Polacy jesienią lubią city break i plażowanie

AG

Według wyników badań przeprowadzonych przez Travelplanet.pl, najwięcej polskich turystów jesienią wybiera krótkie wypady do miast europejskich lub kurortów śródziemnomorskich. Coraz więcej turystów decyduje się krótki, maksymalnie 4 dniowy pobyt. Ubiegłej jesieni (od połowy września do połowy listopada) było to tylko 2,5 proc klientów Travelplanet.pl. Tej jesieni na krótki wypad zdecydowało się 6,2 proc. turystów.

Radosław Damasiewicz, dyrektor marketingu i commerce Travelplanet.pl powiedział: „Mniej więcej połowa z nich wybiera tzw. city break w europejskich miastach.”

Spośród grona turystów, którzy tej jesieni zaplanowali kilkudniowy wypad za granicę (w tym do śródziemnomorskich kurortów), najbardziej popularne miasto to Barcelona, gdzie chce odpocząć 9,2 proc. klientów Travelplanet.pl. Niewiele mniej, bo 8,6 proc. wybiera się do Budapesztu. Ponad 7 proc. turystów jedzie do Cannes a 6,6 proc. – do Wilna. Paryż, Praga, Wiedeń, Londyn czy Rzym tej jesieni są mniej atrakcyjne dla klientów Travelplanet.pl. Do Paryża chce zajrzeć na kilka dni 4,2 proc. turystów a do pozostałych metropolii od 1,5 do 2 proc. turystów.
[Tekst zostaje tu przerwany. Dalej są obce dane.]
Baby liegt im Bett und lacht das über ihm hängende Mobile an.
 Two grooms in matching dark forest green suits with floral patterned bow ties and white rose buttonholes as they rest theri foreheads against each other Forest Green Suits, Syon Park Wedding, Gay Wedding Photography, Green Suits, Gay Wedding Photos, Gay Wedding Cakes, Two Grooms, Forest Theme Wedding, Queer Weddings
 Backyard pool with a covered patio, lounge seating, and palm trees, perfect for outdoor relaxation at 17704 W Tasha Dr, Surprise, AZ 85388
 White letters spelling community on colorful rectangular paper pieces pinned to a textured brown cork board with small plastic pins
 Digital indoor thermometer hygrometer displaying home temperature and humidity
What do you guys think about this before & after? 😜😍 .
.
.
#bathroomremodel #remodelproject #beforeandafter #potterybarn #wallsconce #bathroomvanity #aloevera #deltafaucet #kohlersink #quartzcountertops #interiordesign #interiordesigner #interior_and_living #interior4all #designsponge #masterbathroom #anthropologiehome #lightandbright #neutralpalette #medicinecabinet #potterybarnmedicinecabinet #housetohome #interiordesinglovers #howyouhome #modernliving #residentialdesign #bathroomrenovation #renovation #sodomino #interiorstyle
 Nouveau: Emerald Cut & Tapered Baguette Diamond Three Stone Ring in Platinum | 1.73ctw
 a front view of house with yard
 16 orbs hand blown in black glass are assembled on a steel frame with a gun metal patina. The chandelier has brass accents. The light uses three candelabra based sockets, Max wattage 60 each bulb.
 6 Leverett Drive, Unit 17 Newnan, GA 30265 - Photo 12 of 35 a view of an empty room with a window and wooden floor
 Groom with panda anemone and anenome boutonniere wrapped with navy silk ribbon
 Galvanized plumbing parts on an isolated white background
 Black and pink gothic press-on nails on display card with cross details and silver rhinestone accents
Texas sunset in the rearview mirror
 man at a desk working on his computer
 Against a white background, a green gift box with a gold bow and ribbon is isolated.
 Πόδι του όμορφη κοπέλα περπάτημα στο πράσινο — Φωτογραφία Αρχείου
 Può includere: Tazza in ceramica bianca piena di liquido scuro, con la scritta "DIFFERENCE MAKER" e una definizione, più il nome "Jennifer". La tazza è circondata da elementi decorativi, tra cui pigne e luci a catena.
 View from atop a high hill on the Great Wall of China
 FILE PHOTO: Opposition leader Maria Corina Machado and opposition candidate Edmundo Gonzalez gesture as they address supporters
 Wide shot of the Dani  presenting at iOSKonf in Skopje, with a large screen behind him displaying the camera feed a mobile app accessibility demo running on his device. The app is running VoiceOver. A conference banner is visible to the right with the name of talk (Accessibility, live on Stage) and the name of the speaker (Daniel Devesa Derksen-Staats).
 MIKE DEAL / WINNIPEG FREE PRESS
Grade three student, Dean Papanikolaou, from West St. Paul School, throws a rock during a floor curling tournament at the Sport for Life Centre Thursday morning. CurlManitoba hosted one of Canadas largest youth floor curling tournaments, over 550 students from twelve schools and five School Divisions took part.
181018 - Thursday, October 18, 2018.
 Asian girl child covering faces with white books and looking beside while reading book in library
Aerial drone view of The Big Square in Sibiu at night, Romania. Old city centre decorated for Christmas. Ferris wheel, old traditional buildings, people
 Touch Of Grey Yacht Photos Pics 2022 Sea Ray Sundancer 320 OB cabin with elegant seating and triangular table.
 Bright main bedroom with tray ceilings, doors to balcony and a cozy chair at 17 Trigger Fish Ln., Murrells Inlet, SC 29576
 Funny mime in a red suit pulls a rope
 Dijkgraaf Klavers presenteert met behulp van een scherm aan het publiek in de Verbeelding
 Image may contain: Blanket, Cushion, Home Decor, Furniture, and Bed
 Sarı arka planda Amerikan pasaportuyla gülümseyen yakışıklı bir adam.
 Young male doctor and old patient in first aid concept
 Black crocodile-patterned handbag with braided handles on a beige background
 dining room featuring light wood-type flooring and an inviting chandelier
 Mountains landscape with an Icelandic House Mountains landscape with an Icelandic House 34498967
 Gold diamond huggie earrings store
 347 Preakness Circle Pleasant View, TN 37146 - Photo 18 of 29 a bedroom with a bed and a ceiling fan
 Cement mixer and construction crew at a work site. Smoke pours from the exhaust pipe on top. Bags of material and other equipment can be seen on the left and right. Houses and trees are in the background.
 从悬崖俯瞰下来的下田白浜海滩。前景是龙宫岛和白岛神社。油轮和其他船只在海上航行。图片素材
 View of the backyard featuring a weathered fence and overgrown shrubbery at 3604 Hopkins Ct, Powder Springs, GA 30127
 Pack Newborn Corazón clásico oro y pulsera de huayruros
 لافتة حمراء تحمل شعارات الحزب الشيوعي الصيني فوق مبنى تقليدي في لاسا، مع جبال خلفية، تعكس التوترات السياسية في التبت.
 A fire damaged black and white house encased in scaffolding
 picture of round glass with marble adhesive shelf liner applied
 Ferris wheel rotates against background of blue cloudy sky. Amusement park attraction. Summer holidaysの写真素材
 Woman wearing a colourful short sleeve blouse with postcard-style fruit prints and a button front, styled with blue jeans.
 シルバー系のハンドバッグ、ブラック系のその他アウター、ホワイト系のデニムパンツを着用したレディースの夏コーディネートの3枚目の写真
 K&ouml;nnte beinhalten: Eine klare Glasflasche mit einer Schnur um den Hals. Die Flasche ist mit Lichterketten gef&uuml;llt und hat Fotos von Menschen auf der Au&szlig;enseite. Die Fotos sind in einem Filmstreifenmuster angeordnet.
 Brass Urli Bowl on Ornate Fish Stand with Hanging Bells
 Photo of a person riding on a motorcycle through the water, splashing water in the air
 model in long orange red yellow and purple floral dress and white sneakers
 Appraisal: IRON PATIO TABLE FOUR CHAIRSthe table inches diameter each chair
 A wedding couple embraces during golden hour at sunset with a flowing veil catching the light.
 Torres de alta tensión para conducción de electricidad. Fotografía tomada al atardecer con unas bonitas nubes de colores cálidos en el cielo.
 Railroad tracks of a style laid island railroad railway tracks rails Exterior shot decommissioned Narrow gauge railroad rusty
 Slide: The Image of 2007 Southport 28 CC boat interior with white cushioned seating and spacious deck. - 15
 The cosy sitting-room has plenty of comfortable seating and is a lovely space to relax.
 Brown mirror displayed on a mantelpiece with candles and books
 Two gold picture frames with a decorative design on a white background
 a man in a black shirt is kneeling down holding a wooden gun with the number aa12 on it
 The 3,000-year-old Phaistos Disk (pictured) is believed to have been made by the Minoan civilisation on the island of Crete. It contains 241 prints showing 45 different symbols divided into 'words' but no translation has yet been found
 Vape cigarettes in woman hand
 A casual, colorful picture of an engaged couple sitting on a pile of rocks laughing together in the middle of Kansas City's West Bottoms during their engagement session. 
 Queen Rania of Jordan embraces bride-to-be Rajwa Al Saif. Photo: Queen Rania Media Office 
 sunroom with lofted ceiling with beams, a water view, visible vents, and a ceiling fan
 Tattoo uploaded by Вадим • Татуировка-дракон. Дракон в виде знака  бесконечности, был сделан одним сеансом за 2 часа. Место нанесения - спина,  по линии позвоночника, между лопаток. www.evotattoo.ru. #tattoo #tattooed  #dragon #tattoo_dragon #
Radosław Damasiewicz skomentował: „Wyjazdy typu city break to tzw. wyprawy budżetowe. Turyści zwiedzający europejskie metropolie najczęściej rezerwują tylko przelot i hotel ze śniadaniami. W wypadku miast położonych względnie blisko Polski, jak Wiedeń, Praga, Budapeszt czy Wilno, często rezygnują z przelotu wybierając dojazd własny.”

W okresie jesiennym klienci Travelplanet.pl równie chętnie jak w europejskich stolicach wypoczywają maksymalnie 4 dni w śródziemnomorskich kurortach w Turcji, Grecji, na Malcie a także w Egipcie i Maroku.

Damasiewicz zauważył: „Warto jednak pamiętać, że tej jesieni przeszło 9 na 10 klientów Travelplanet.pl zarezerwowało sobie regularny, co najmniej tygodniowy wypoczynek w Grecji, Egipcie, Turcji Hiszpanii i Tunezji. Ceny wyjazdów typu last minute tych krajów na kilka dni a nawet tydzień jesienią oscylują wokół 1100 – 1300 zł i są porównywalne z kosztami kilkudniowego, budżetowego pobytu w europejskich metropoliach.”